--- Material for this exercise Enclosed Below ---

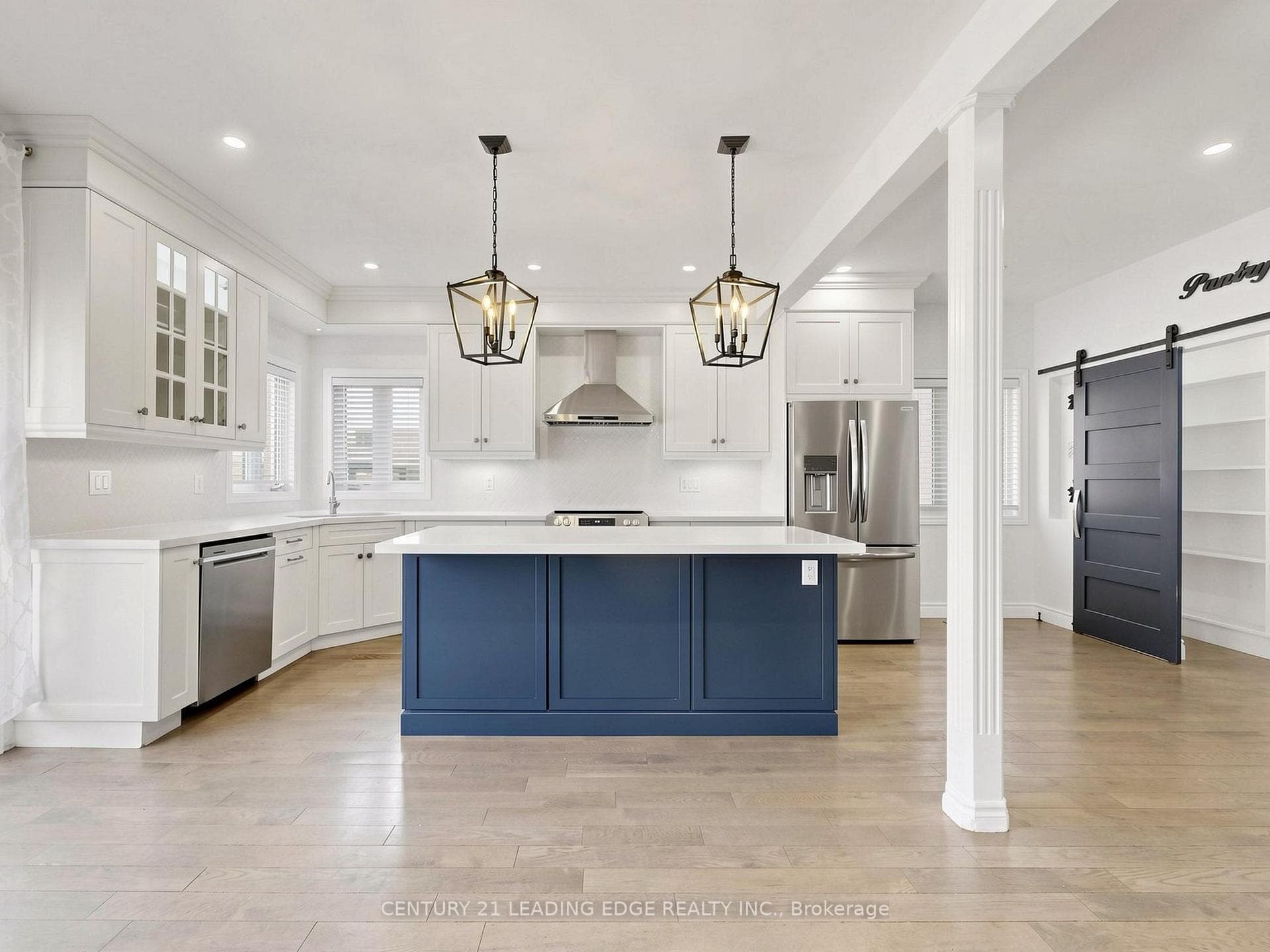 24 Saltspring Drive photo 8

--- End of Enclosed Material for this exercise ---
--- Material for this exercise Enclosed Below ---

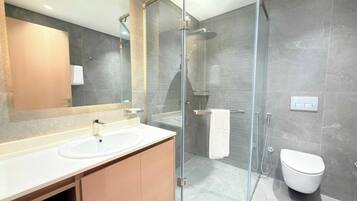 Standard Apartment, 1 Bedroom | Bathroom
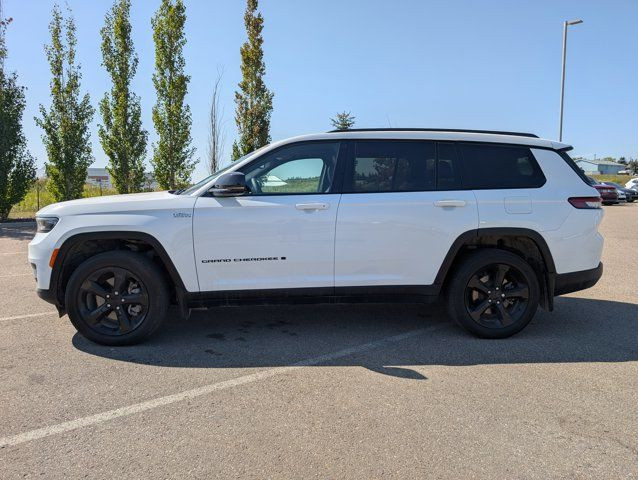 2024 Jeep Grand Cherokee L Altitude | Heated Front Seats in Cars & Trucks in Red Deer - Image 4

--- End of Enclosed Material for this exercise ---

Exercise
What you return must match the lines above from the one with "Standard Apartment, 1 Bedroom | Bathroom" through the one with "2024 Jeep Grand" exactly, with both ends included and the pictures excluded.

Reply
 Standard Apartment, 1 Bedroom | Bathroom
 2024 Jeep Grand Cherokee L Altitude | Heated Front Seats in Cars & Trucks in Red Deer - Image 4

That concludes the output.